Com o novo regime dos recursos (DL 303/20007) alterou-se uma vez mais e significativamente o regime do recurso de reclamação mantido , no essencial na reforma de 2013.

Ora, como dissemos no despacho recorrido, Dispõe o artigo 643.º  do nCPC que do despacho que não admita o recurso pode o recorrente reclamar para o tribunal que seria competente para dele conhecer no prazo de dez dias contados da notificação da decisão (1); o recorrido pode responder à reclamação apresentada pelo recorrente , em prazo idêntico ao referido no número anterior (2); a reclamação, dirigida ao tribunal superior, é apresentada na secretaria do tribunal recorrido, autuada por apenso aos autos principais e é sempre instruída com o requerimento de interposição e as alegações, a decisão recorrida e o despacho objecto de reclamação (3).

Como vimos o recurso do despacho de indeferimento do requerimento de interposição do recurso é materialmente um verdadeiro recurso (ordinário, agora a acrescentar à apelação e à revista) e não uma mera reclamação.

Esta natureza explica a razão pela qual a lei se refira repetidamente ao tribunal recorrido e não apenas, como se impunha, em coerência com o nomen juris que o designou, ao tribunal reclamado.

Quando tenha a forma escrita, o requerimento de interposição do recurso deve incluir a alegação do recorrente, em cujas conclusões deve ser indicado o fundamento específico da recorribilidade ((artigo 637, n.º 2, CPC). 

As alegações devem fechar com a apresentação de conclusões, isto é, de proposições sintéticas que contenham, por súmula, resumidamente, as razões por que se pede o provimento do recurso (artigo 639 CPC).

No regime pretérito, a falta de conclusões era suprível, dado que a lei vinculava o relator do tribunal ad quem a convidar o recorrente a apresentá-las e só no caso de aquele não aceder ao convite é que mandava aplicar-lhe a sanção de não conhecimento do recurso (artigo (690.º, n.º 4, CPC).

A Reforma de 2007 optou por um regime mais radical: a falta de conclusões impede irremissivelmente o conhecimento do objecto do recurso (artigo 685.º - C, n.º 2, CPC; cfr. também artigo 685.º-A, n.º 3).

Este regime manteve-se no actual Código (artigos 641.º, n.º 2, alínea b), e 639.º n.º 3).
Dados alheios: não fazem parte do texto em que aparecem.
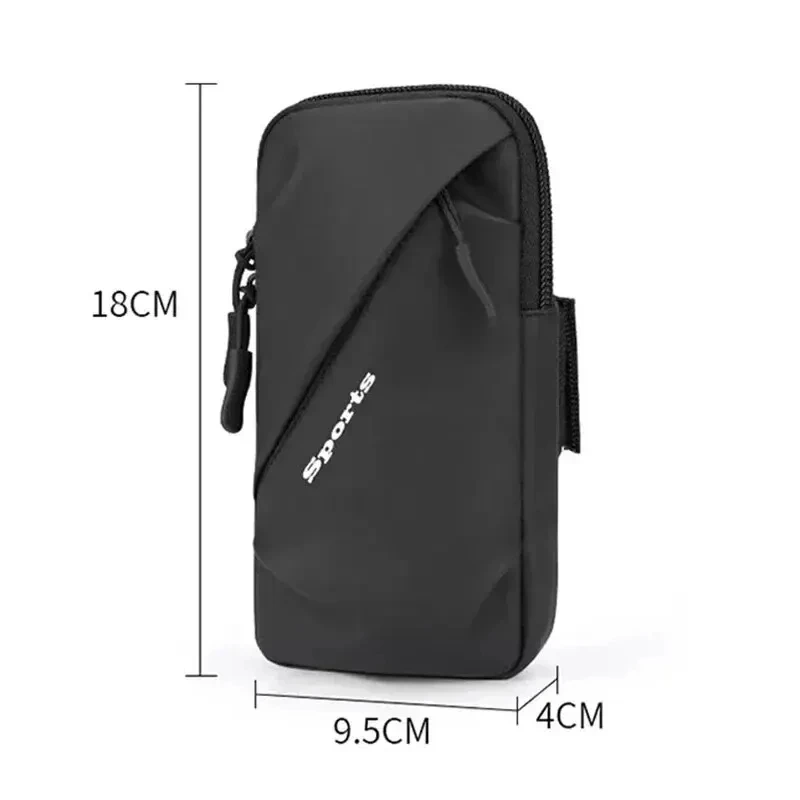 Running Phone Holder Jogging Bags for iPhone Samsung Universal Waterproof PU Sports Armband Phones Arm Bag Running Accessory image 2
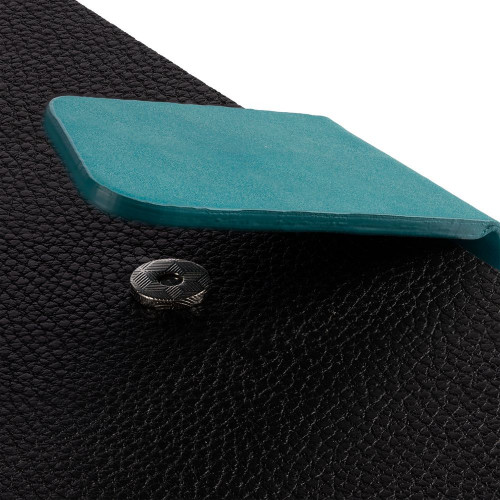 Ежедневник Boom, недатированный, черный с бирюзовым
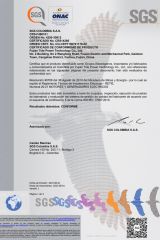 SGS certificate from TIDE POWER TECHNOLOGY CO., LIMITED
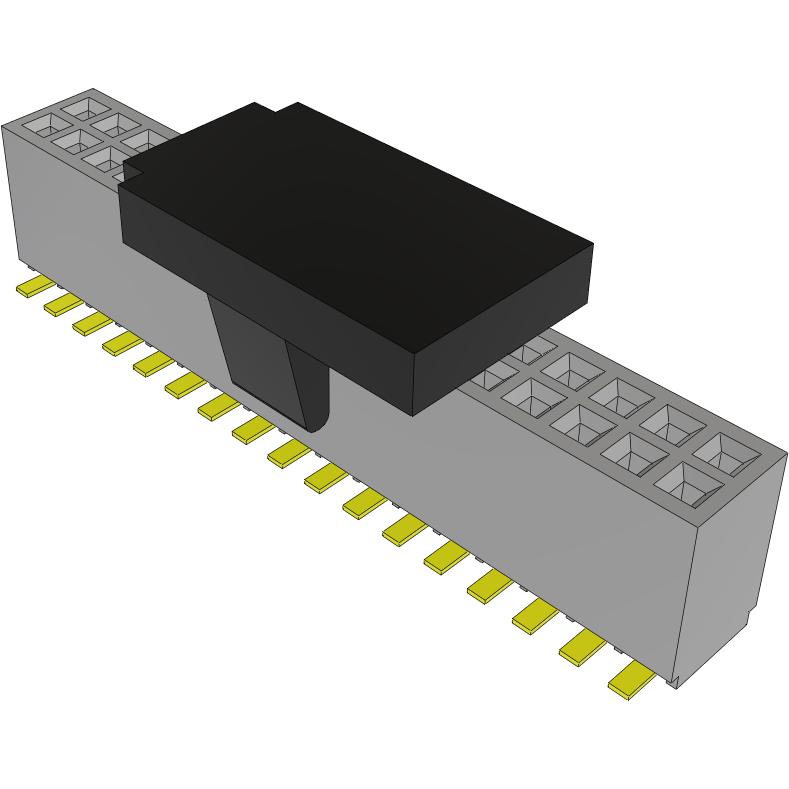Samtec-SFMC-117-02-L-D-P-TR Piastre connettori e prese PCB Conn Socket Strip SKT 34 POS 1.27mm Solder ST Top Entry SMD T/R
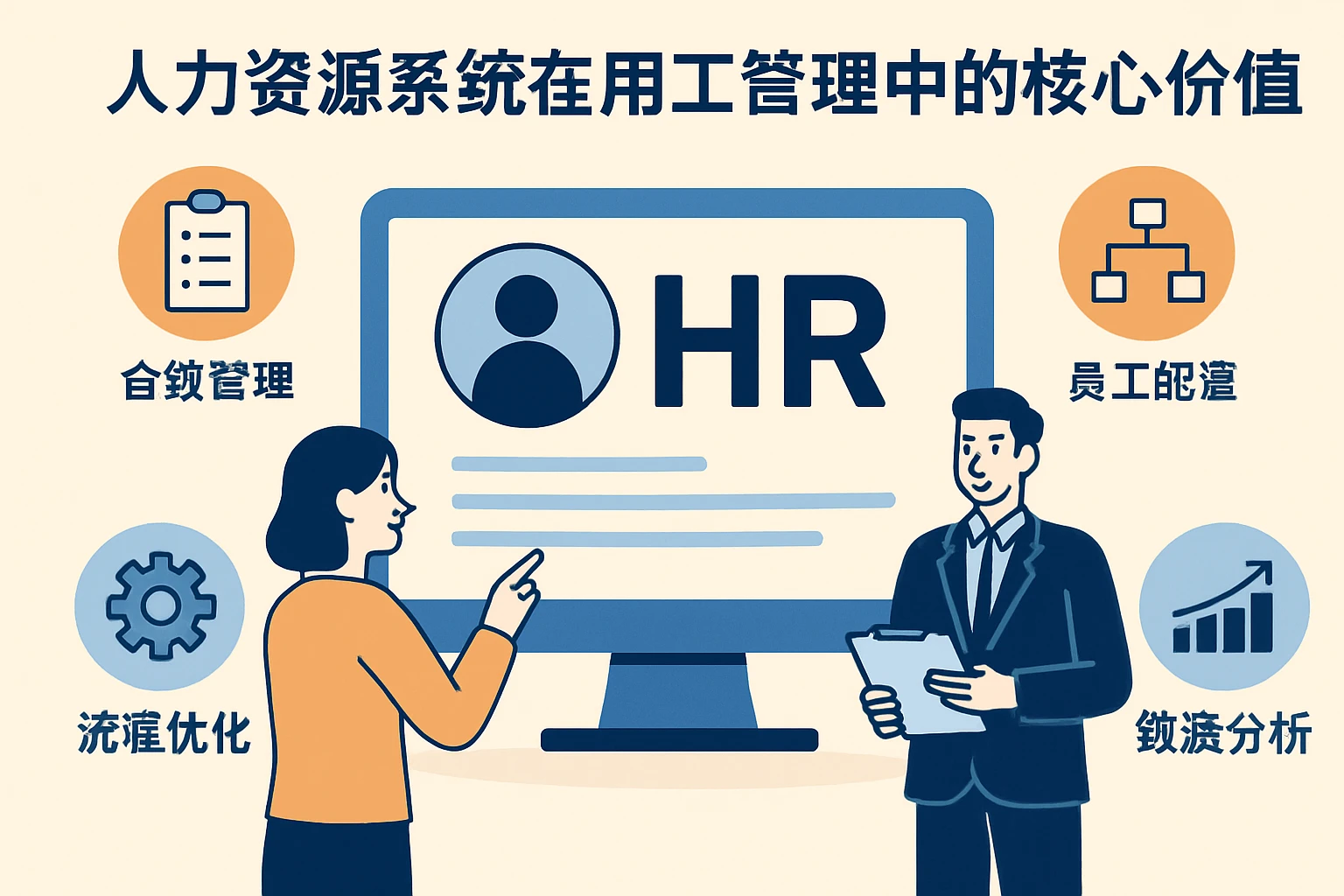 人力资源系统在用工管理中的核心价值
Não vislumbramos qualquer inconstitucionalidade neste regime.

***

Pelo exposto indefere-se a reclamação.
Custas pelo recorrente.

Lisboa-17.09.2015

(Luís Correia de Mendonça)
(Maria Amélia Ameixoeira)
(Rui Moura)

[1]  João de Castro Mendes, Recursos, AAFDL, op.cit:71.
[2]  Miguel Teixeira de Sousa, Estudos…,:371.
[3]  Fernando Pessoa Jorge, Direito Processual Civil (Recursos), AAFDL, Lisboa, 1973/1974.
[4]  Op. cit.:5.
[5]  Op. cit.: 61 ss.
[6] José João Baptista, Dos Recursos, Universidade Lusíada, Lisboa, 1988:67 ss..
[7]  José Alberto dos Reis, Código de Processo Civil, explicado, Coimbra editora, Coimbra, 1939:424
[8]  Op. Cit.: 438.
[9]  Eurico Lopes Cardoso, Código de Processo Civil, Anotado, op. cit.:480.